-------- Data shown --------

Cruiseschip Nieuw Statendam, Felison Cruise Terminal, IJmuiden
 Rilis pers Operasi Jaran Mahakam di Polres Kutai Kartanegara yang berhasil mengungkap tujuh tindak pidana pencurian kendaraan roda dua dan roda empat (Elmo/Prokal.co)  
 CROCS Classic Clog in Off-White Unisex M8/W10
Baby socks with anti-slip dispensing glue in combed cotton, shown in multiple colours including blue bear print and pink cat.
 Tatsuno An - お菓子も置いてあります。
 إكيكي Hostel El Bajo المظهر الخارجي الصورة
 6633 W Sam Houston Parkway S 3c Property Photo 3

--------

■ **What is required**:
With the line that contains "إكيكي Hostel El Bajo المظهر الخارجي الصورة" as the first and the final line of the data as the last, repeat every line in that span exactly.

■ **Completed exercise**:
 إكيكي Hostel El Bajo المظهر الخارجي الصورة
 6633 W Sam Houston Parkway S 3c Property Photo 3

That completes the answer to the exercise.